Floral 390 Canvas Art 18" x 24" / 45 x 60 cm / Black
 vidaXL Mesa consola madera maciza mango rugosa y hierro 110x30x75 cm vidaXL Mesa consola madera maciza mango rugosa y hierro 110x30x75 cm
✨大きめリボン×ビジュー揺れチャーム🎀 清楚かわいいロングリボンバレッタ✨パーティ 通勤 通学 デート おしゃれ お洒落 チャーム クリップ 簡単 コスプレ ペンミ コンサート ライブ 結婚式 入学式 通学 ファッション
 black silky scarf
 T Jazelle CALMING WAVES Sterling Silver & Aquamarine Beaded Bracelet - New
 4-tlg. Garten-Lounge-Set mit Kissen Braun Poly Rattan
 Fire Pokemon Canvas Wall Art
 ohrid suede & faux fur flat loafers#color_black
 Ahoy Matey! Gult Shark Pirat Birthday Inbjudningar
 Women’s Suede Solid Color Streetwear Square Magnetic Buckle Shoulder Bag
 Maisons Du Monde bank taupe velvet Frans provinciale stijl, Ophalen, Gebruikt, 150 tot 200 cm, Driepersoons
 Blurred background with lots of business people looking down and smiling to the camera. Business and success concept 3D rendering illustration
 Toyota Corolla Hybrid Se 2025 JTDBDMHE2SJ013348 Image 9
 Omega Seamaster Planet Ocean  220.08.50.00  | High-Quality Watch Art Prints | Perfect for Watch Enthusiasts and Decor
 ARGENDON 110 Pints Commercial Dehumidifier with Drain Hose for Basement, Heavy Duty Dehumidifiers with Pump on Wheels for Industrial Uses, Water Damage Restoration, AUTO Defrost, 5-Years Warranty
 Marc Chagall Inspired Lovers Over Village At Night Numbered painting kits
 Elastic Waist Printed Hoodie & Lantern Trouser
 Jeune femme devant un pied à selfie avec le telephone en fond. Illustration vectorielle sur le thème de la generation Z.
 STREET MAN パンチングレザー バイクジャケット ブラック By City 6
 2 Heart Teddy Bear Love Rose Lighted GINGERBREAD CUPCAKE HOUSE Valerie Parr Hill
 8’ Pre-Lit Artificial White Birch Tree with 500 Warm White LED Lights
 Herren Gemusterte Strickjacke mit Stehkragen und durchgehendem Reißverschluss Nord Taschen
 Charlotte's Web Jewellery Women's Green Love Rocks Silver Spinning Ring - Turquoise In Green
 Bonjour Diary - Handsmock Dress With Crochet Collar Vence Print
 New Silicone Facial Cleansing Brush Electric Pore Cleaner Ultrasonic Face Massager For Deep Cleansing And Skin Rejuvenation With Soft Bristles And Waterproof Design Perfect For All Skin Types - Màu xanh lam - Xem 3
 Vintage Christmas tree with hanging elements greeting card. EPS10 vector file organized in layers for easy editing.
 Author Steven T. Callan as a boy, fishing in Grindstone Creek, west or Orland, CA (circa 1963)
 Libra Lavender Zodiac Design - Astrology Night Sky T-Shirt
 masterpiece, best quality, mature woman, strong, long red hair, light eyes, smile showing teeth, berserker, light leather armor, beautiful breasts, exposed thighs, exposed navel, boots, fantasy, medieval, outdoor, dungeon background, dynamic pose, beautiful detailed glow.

-.-.-

→ ASSIGNMENT: Working from the material above, restate word for word the lines between the line with "Charlotte's Web Jewellery" and the line with "Vintage Christmas tree", both included, and only those.

→ PROBLEM SOLUTION:
 Charlotte's Web Jewellery Women's Green Love Rocks Silver Spinning Ring - Turquoise In Green
 Bonjour Diary - Handsmock Dress With Crochet Collar Vence Print
 New Silicone Facial Cleansing Brush Electric Pore Cleaner Ultrasonic Face Massager For Deep Cleansing And Skin Rejuvenation With Soft Bristles And Waterproof Design Perfect For All Skin Types - Màu xanh lam - Xem 3
 Vintage Christmas tree with hanging elements greeting card. EPS10 vector file organized in layers for easy editing.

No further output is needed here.